Wednesday, December 06, 2006

The Great Unknown. Independence Day in Finland.

Look, there's a TANK outside!

On TV, the Finnish celebrities and politicians are being asked, every year on Dec 6, "what does the independence mean to you?"

Should I answer that, I'd say that given the current political situation on the other side of the Eastern border of our little but independent country, independence means duty to me.

We Finns have a duty to help to the oppressed. The ones to whom independence is yet a dream. We have to value peace, freedom of speech, and rule of law, and make a point in all international fora that others should value them too. (And I do not mean only Russia, but countries like Turkey or the USA, too.)

Independence in not just an achievement of wars fought in history. It is very much today, and it must be fought for again and again. Independence is a duty, and a tool.

If others can not speak up and fight for their rights, we have to.

Because we can.

When we Finns talk about "the Unknown", we are not necessarily interested in life after death or any other twilight zone mysteries. No, we discuss the book called "The Unknown Soldier", written by Väinö Linna, or the films based on the book, the best of which I am watching right know, directed by Edwin Laine.

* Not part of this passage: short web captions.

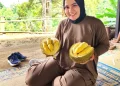 Berburu Durian Lokal Ngebel Ponorogo, Sensasi Manis dan Pahit yang Menggoda Selera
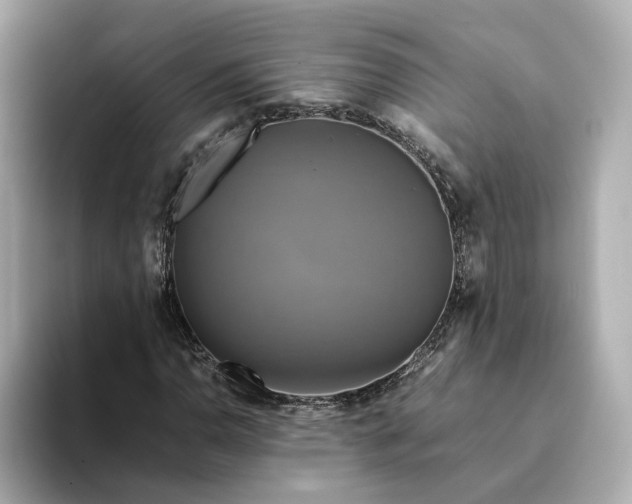 X0000095121110200712211304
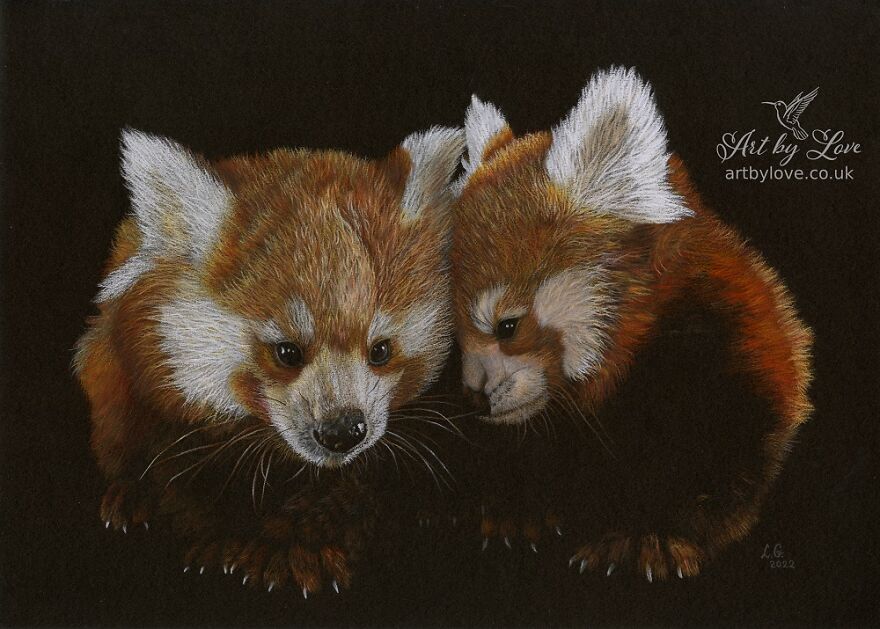 My Annual Drawings Against The Extinction Of Endangered Animals
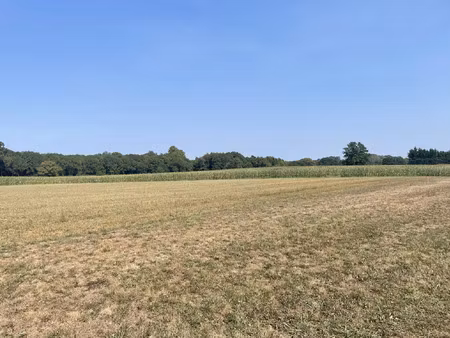 vente terrain 913 m² mimbaste (40350)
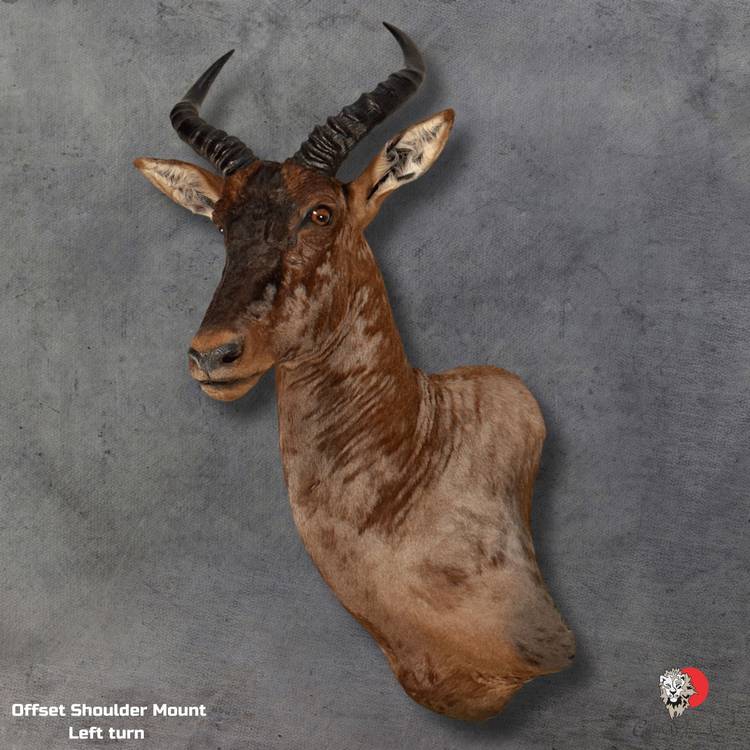 Tsessebe Shoulder Mount Taxidermy 3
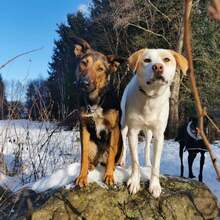 BRADY, Hund, Mischlingshund in Nürnberg - Bild 4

It is a basic war story, but also like a thriller. The plot is simple: a bunch of guys, from various parts of Finland –– speaking in various funny dialects –– fight Russians, and die one by one.

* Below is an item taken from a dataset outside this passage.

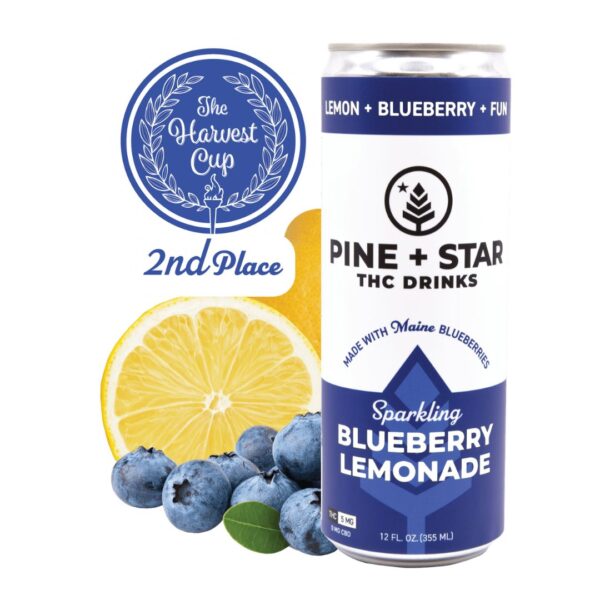 Blueberry Lemonade | Beverage | 5mg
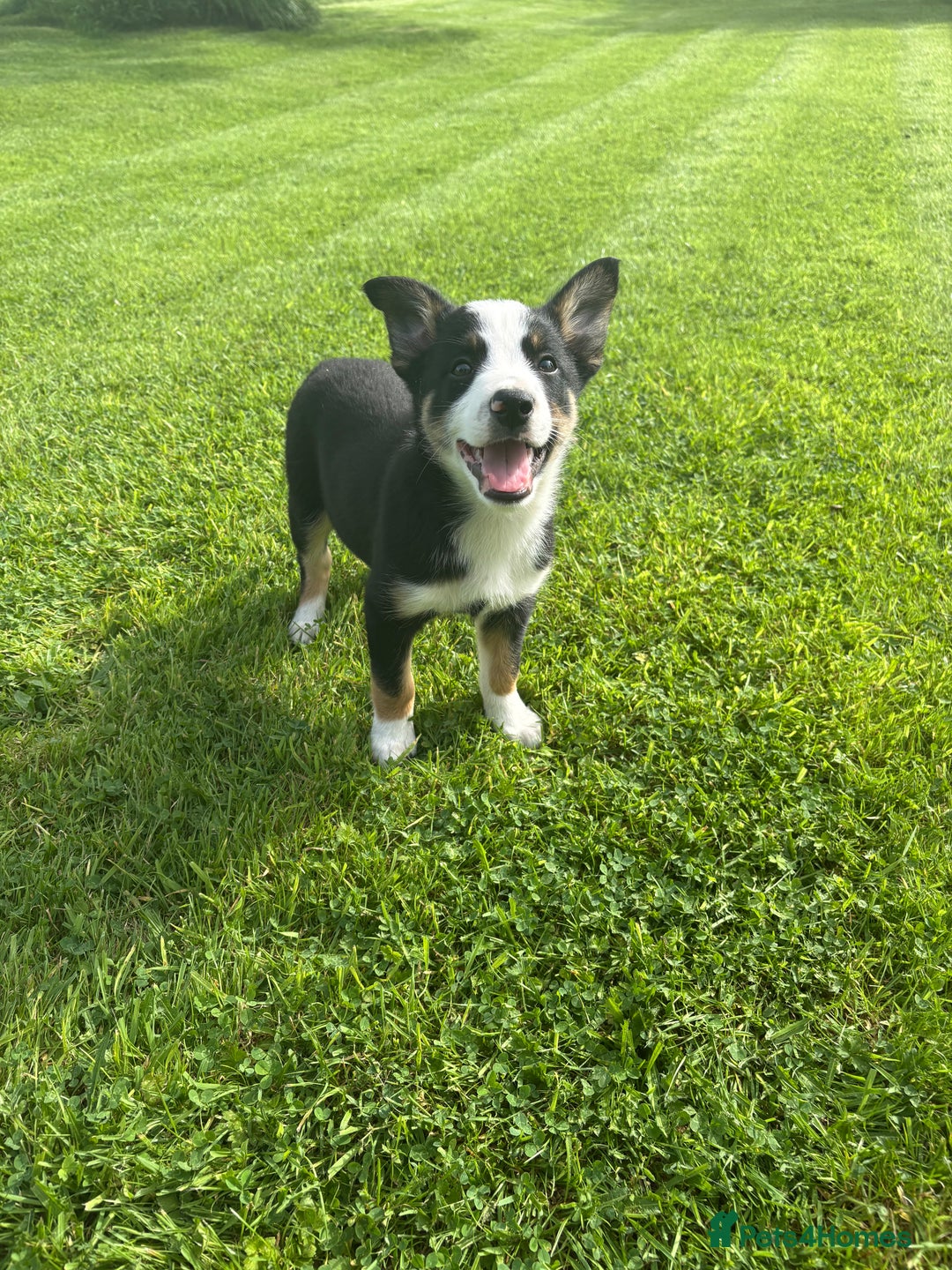 Border Collie dogs for sale: Border Collie Puppies 🐾 in Caernarfon - Image 1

But the atmosphere is so strong and the characters so well-built that I always admire its power and wisdom.

I would have missed the film, but luckily I read Sedis blog and was reminded, just before it started.

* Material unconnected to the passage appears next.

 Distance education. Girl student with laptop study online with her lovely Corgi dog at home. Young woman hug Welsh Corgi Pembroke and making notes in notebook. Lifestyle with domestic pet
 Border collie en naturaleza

Imbi Paju was yesterday at Koko theater after Putin's Russia, the play. Imbi quoted Stalin, who used to say, "No people, no problem". How very practical indeed.

There was also Pirjo Honkasalo, who has directed a touching and many times awarded documentary The 3 Rooms of Melancholia. With these tough ladies, and a young male journalist VR, we discussed the mystery of Russia.


Miss Funnybunny and I were having halloumi cheese from Cyprus, bratwurst from Nürnberg (Nuremberg), Germany, and bad, tasteless Finnish potatoes for lunch. Cyprus was on our table because the Finnish Peace Keeping Forces were another theme of today.

No – dream on, there was halloumi because I like it.

And the bratwursts were because Odelius from Germany is in Finland now! Was good to see you, dear.